Mas estes momentos de alívio não vai determinar o
ao vivo, se eles não contribuem para aumento do prisioneiro
noção da loucura de seu sofrimento. É neste ponto
encontramos o tema central do existencialismo: viver é
sofrem, para sobreviver é encontrar significado no sofrimento. Se a vida tem
algum objeto, ele não pode ser outra do que sofrer e morrer. Mas
ninguém pode dizer a ninguém o que este objeto: cada
deve encontrar por si mesmo e aceitar a responsabilidade para o seu
resposta dita. Se ele tiver êxito no esforço, vai
desenvolver apesar de todas as indignidades. Frankl gosta
Nietzsche citação: “Quem tem um por que, ao vivo, encontrar
quase sempre como “.
No campo de concentração, todas as circunstâncias
conspiram para fazer o prisioneiro perder os seus punhos.
Todos os objetivos da vida familiar foram desenraizadas,
tudo o que resta é “a última das liberdades humanas”, o
capacidade de “escolher uma atitude de um conjunto de
circunstâncias “. Esta liberdade última, apoiada por ambos
estóicos antigos como os existencialistas modernos,
adquire um significado vivas na conta de Frankl. O
prisioneiros eram homens comuns, mas
alguns deles para escolher ser “dignos do seu sofrimento”
testemunham a capacidade humana de superar seus destino aparente.
Como psicoterapeuta, que é o autor quer saber como
pode ajudar o homem a alcançar esta capacidade, de modo
diferenciadoramente humana de outra forma. Como se pode
acordar em um paciente a sensação de que você tem a
responsabilidade de viver, não importa quão adversas do presente
circunstâncias? Frankl nos dá um relato completo de uma sessão
terapia de grupo que teve com seus colegas de prisão.
A pedido do editor, Dr. Frankl acrescentou à sua
autobiografia uma exposição sucinta mas explícita de princípios
terapia da fala básica. Até agora, quase todas as publicações
desta “terceira escola vienense de psicoterapia” (estas são as suas
escolas predecessor de Freud e Adler) foram publicados
de preferência em alemão, para que o leitor irá recebê-lo com
Bem-vindo este suplemento Dr. Frankl sua conta pessoal.

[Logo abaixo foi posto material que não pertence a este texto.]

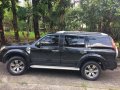 2009 Ford Everest FOR SALE-1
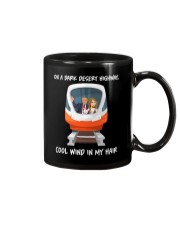Limited Edition Mug tile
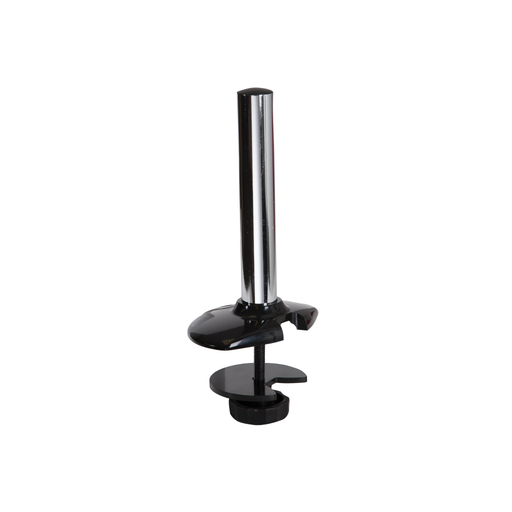 LCT620A-G Monitor Arm Mnt Grom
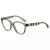 Armani Exchange női optikai szemüvegkeret AX3117U-8360-54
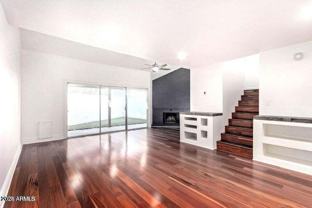 1530 S River Dr - Photo 1 of 1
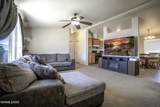 6265 Sandi Drive - Photo 11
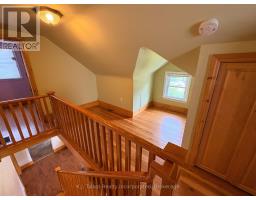 342 JOHN STREET - 21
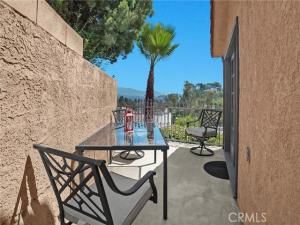 MLS #CV25176973 img 0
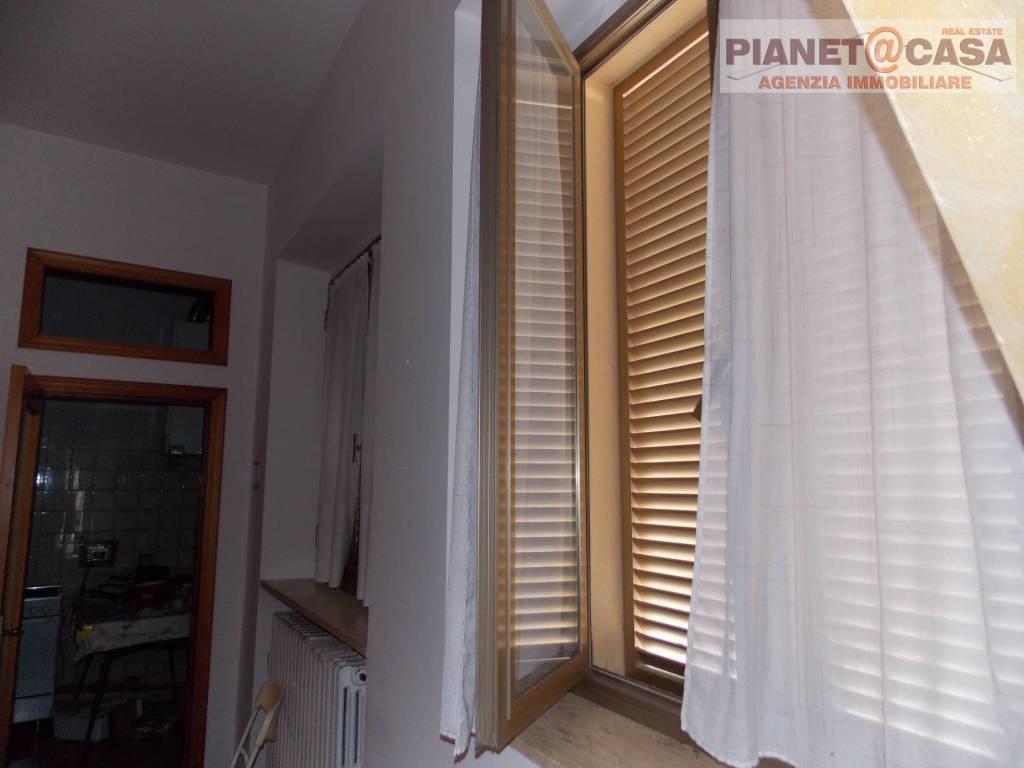 Casa indipendente a Colli del tronto in Colli del Tronto - Foto 5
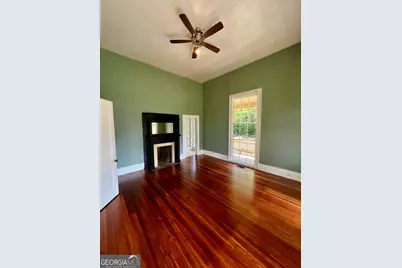 1311 3rd Street, Dudley, GA 31022 - Photo 18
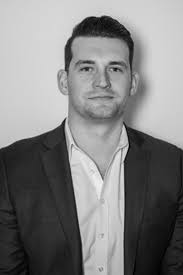 Toronto's Experienced Condominium Specialists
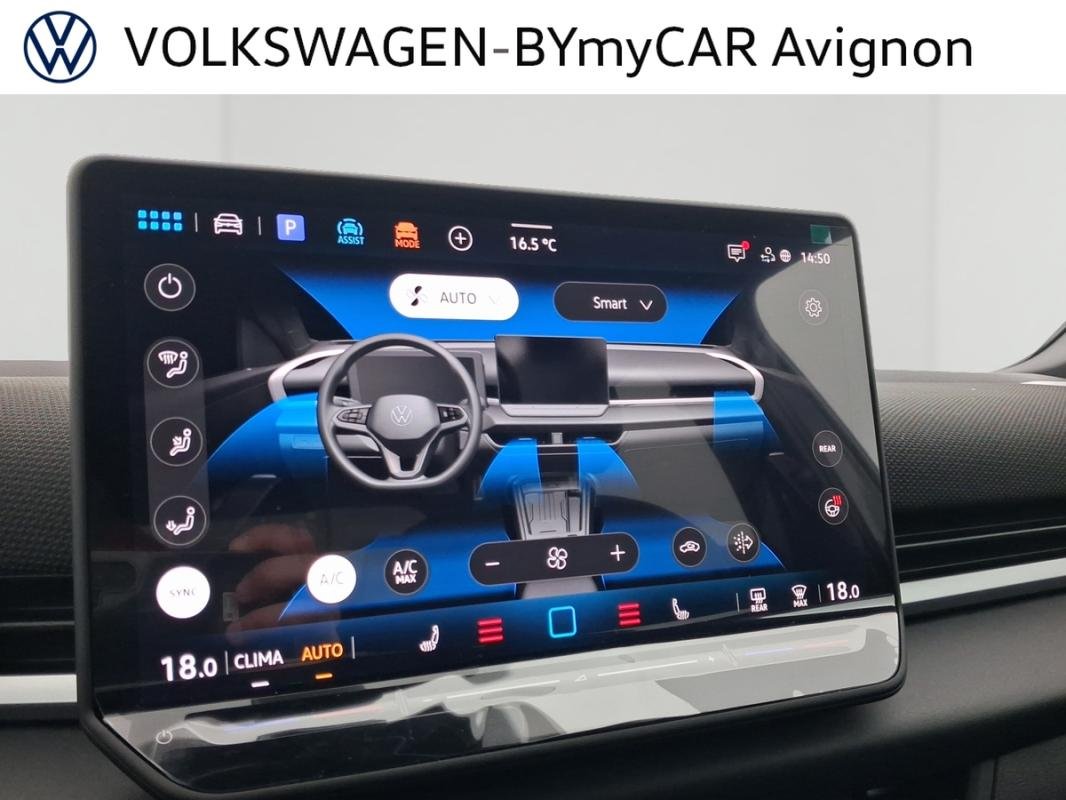 Volkswagen T-Roc - Photo 29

Ao contrário de outros existencialistas europeus, Frankl não é nem
pessimista nem anti-religiosa, pelo contrário, ser um autor
encaremos a ubiquidade do sofrimento e da
forças do mal, tem uma visão surpreendente
esperançoso sobre a capacidade humana de transcender seus
dificuldades e descobrir a verdade e orientar apropriado.
Recomendo vivamente este livro pouco pequeno, como um
jóia da narrativa dramática centrada na mais profunda
problemas humanos. Seu mérito é tanto literária como
e fornece uma introdução precisa filosófica para o movimento
psicologicamente importante de nosso tempo.